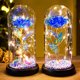 thumbnail image 5 of La cubierta de cristal florece la lámpara LED artificial con pilas de la luz LED de Rose para las mujeres, 5 of 6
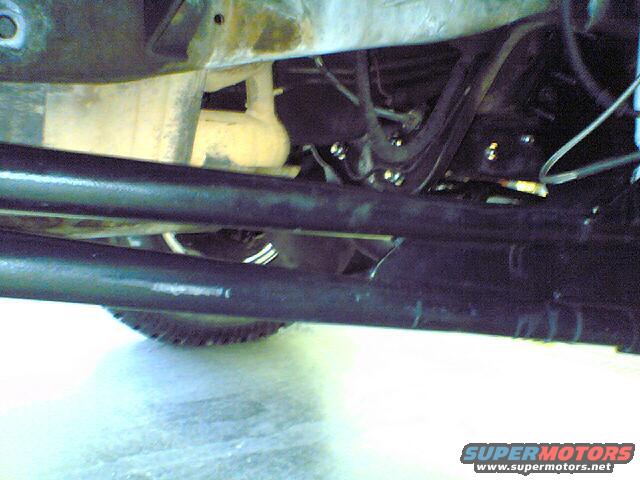 view of vehicle's frame and suspension components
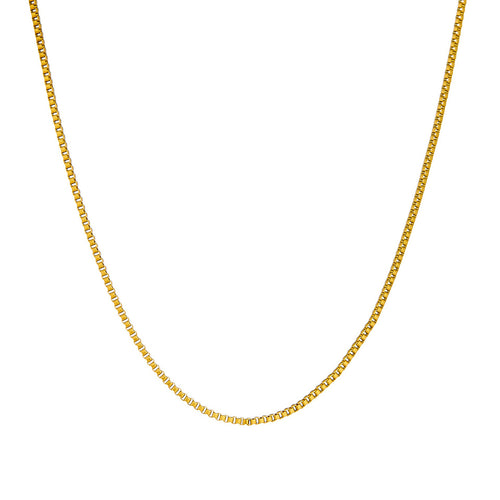 JUNE ELLE gold box chain necklace front view on white background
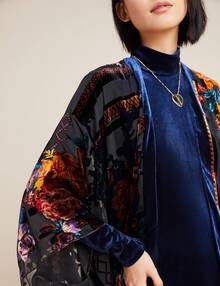 WeHello-Burnout Velvet Kimono For Women Long Cardigan Beach Cover Up Vacation Casual Shawl Swimwear Coverups Clothes Outfit Womenswear Chic Party Piece SpringStatements - xanh quân đội - Xem 4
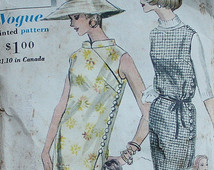 Vogue 5264 1960s 60s Cheongsam Sheath Dress Vintage Sewing Pattern Size 12 Bust 32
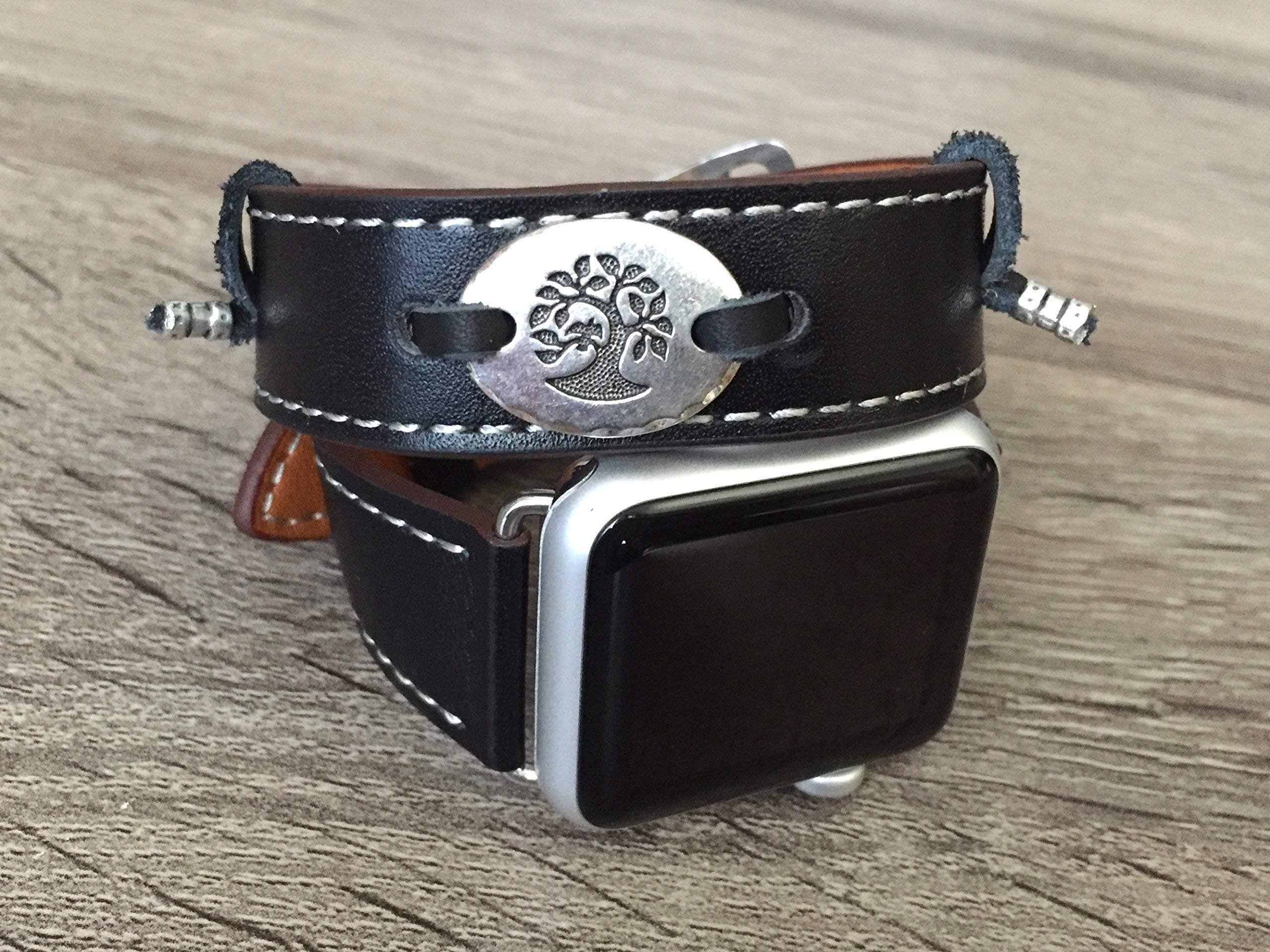 Black Double Wrap Vegan Leather Band For Apple Watch All Series 38mm 40mm 42mm 44mm Handmade Eco Friendly Strap Apple Watch Bracelet Silver Tree Of Life Pendant Jewelry Charm Fashion Apple iWatch Band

**YOUR ASSIGNMENT**.
Starting at the line that holds "Vogue 5264 1960s", copy each line exactly through the end of the material above, keeping both ends and dropping the pictures.

**FINISHED EXERCISE**.
 Vogue 5264 1960s 60s Cheongsam Sheath Dress Vintage Sewing Pattern Size 12 Bust 32
 Black Double Wrap Vegan Leather Band For Apple Watch All Series 38mm 40mm 42mm 44mm Handmade Eco Friendly Strap Apple Watch Bracelet Silver Tree Of Life Pendant Jewelry Charm Fashion Apple iWatch Band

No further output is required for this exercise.